A virtual hard disk file 302 may be formatted in one of a variety of formats including, by way of examples, a fixed hard disk file in which a flat file the size of the hard disk in the guest operating system is used, a dynamic hard disk file in which the size of the file grows dynamically as data is written to the disk, and a differencing hard disk which depends on a parent hard disk that remains unmodified as new data is written to the differencing disk.

To the virtual machine 108, the virtual hard disk file 302 may be represented as a physical disk device 304 that contains a file-system for example. The virtual machine 108 may access individual system files, data files, and other data represented as being stored on this file-system. For example, the virtual machine 108 may access files and directories 305 associated with this disk device 304.

The virtualization provides a level of abstraction such that what appears as a disk and a file-system to the virtual machine 108 appears as a collection of files to the host operating system 104. In one embodiment, the virtual hard disk file 302 may have a .VHD file extension.

The virtual hard disk file 302 may be accompanied by metadata. The metadata may be stored in a metadata file 303. For example, the metadata file 303 may have a .CFG or a .VMC extension. The metadata may comprise information relating to the nature of the virtual hard disk file 302, for example, whether the virtual hard disk file 302 represents a system or boot drive. Metadata related to the virtual machine configuration may also be stored in a file, such as, for example, with a .VMC extension.

Off-line virtual machines and virtual machine images may be stored in a library file server for extended periods of time. They may be used as templates for new virtual machine creations and deployments, cloning, maintaining backup or checkpoint images of an active virtual machine, or for simply storing the virtual machines until they are needed again. For example, virtual machines could be stored to conserve resources on the virtual machine hosts.

A VM may include an operating system, one or more use applications, and other various software constructs (‘software constructs’, collectively). Each software construct of the VM may from time to time require an update in the form of a patch or the like. As may be appreciated, such an update may be performed for any of several reasons, including to keep the construct current, to provide the construct with additional functionality, to address security issues with regard to the construct, or the like. Generally, the construct may include update functionality that periodically queries an update source for any new patches, and if available the update functionality obtains the new patches and installs same, perhaps with the aid and/or approval of a user or the like. Possibly complicated policies may be in place for installing software updates. A separate server whose entire purpose is to redistribute updates and patches in an enterprise may be employed. Installing critical or security updates is generally considered especially critical.

Virtual Machine Library

A collection of VM images may be stored in a library in which each VM is stored in a halted and most likely shut-down form and may be retrieved from the library and deployed and re-started on a host machine in an appropriate manner. Note here that the library, VMs, and host may be any appropriate library, VMs, and host.
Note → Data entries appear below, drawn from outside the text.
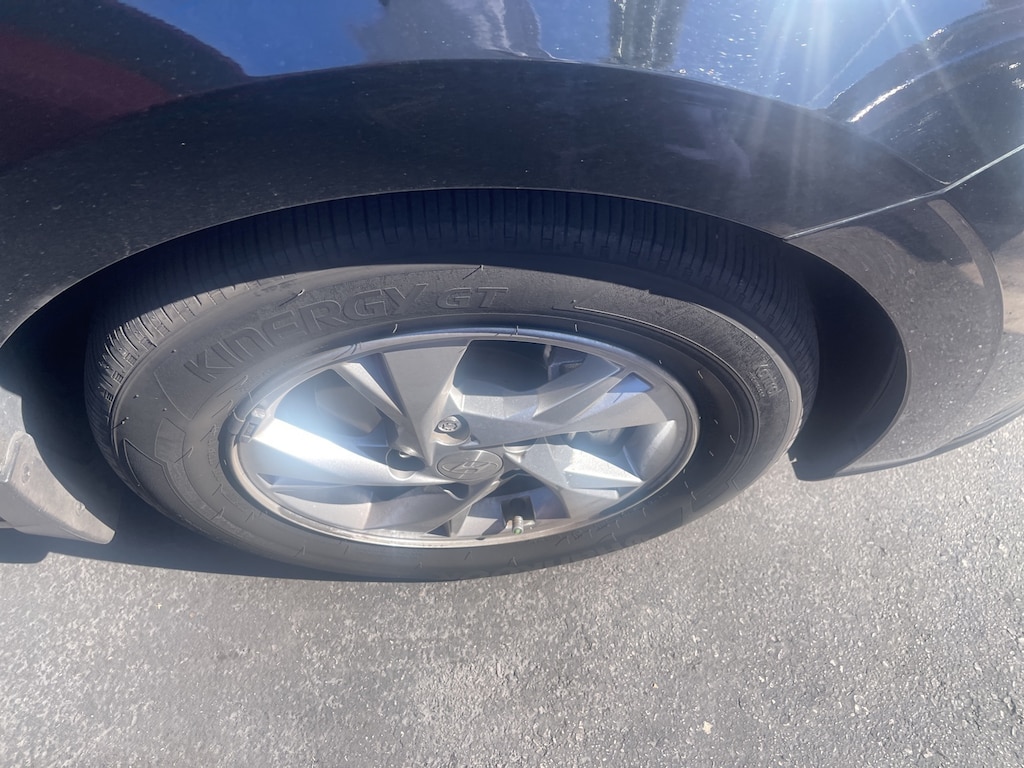 Used 2023 Hyundai Elantra SE Sedan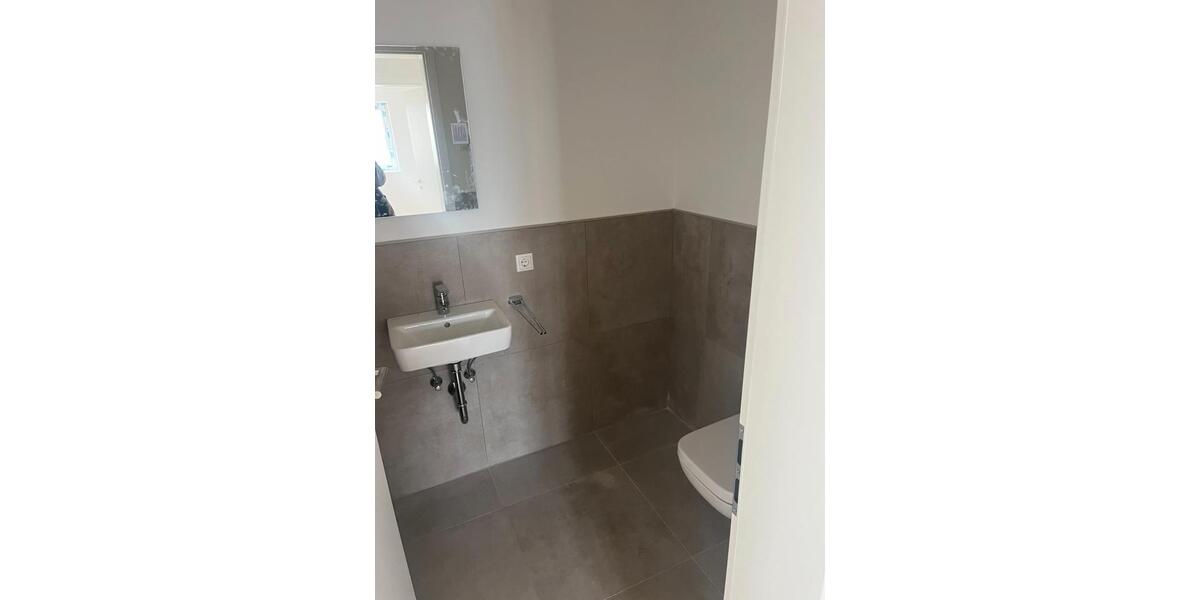 Erdgeschoßwohnung Verl - 5 Zimmer, 127 m&sup2;, 1.580&euro; | Angebot:26676641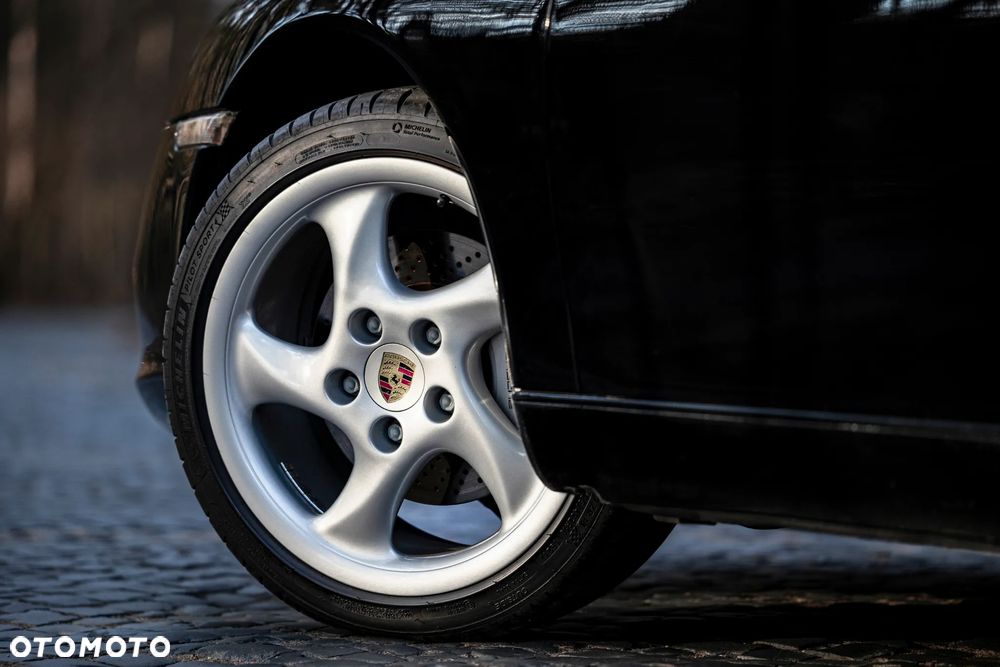 Porsche 911 Carrera 4 - 9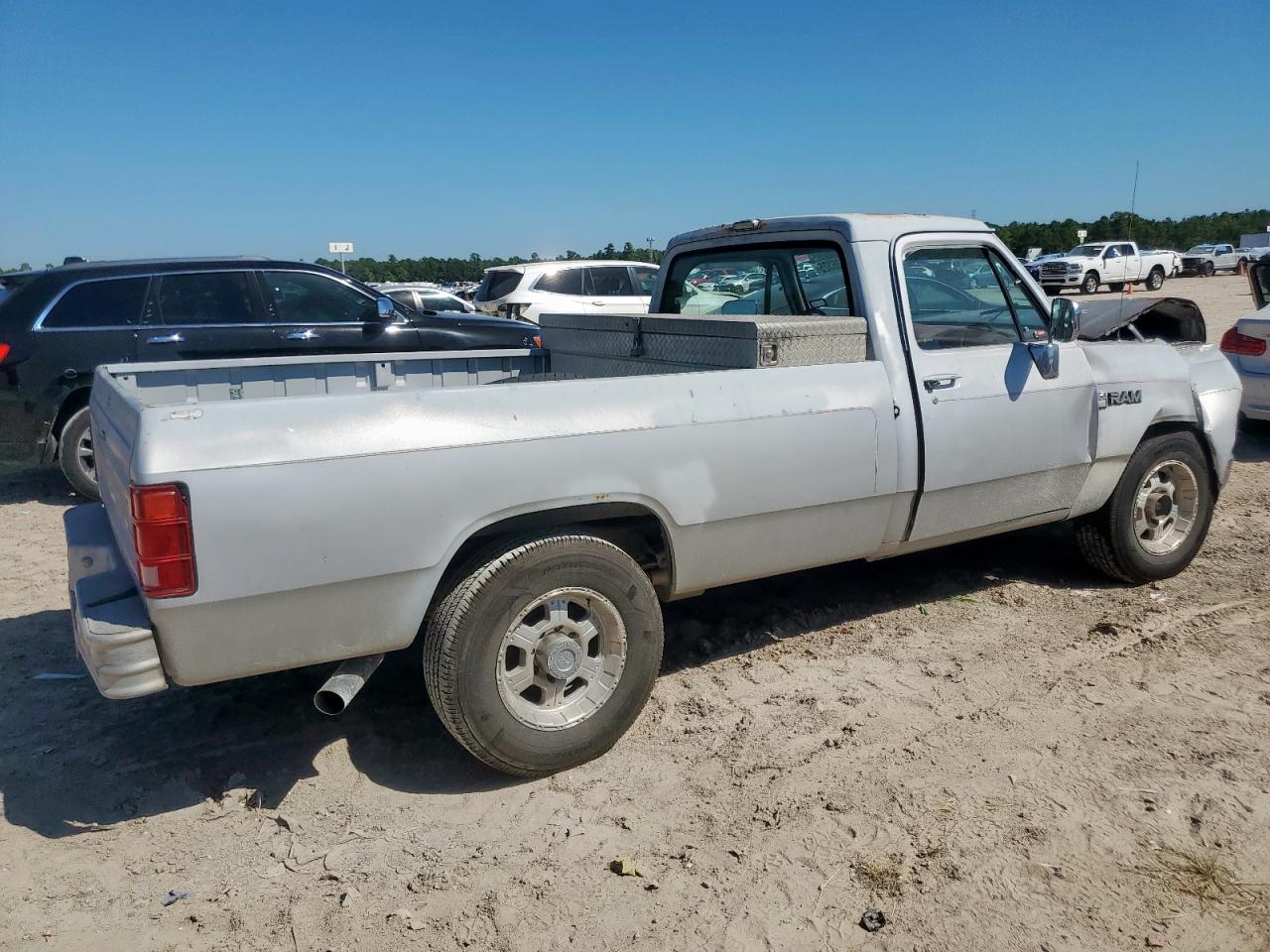 Dodge D Series D200 Image 3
Such a library, VMs, and host are known or should be apparent to the relevant public and therefore need not be set forth herein in any detail beyond that which is already provided.

Each VM in the library is a software construct or the like that when re-started on a host emulates a computing system. Thus, the VM may employ the resources of the host to instantiate a use application or the like while at the same time isolating such use application from such host and other applications on such host. The host may accommodate a plurality of deployed VMs, where each VM independently performs some predetermined function. For example, at least some of the VMs deployed on the host may act as data servers, at least some of such VMs may act as network servers with regard to a network coupled to the host, at least some of such VMs may act as mail servers, and at least some of such VMs may perform low-level functions including maintenance functions, data collection, hardware monitoring, error correction, file management, and the like. Notably, each VM is for all intents and purposes a computing machine, although in virtual form.

The host itself may be an appropriate computing device such as a desktop computer, a laptop computer, a handheld computer, a data assistant, a mainframe computer, or any other type of computing device with the functionality and capacity necessary to host one or more of the VMs. Bearing in mind that each VM may require significant memory, I/O operations, storage space, and processor capacity from the host, however, and also bearing in mind that the host may be expected to accommodate several VMs at any one time, the host likely should have significant power and resources to be able to in fact accommodate such VMs.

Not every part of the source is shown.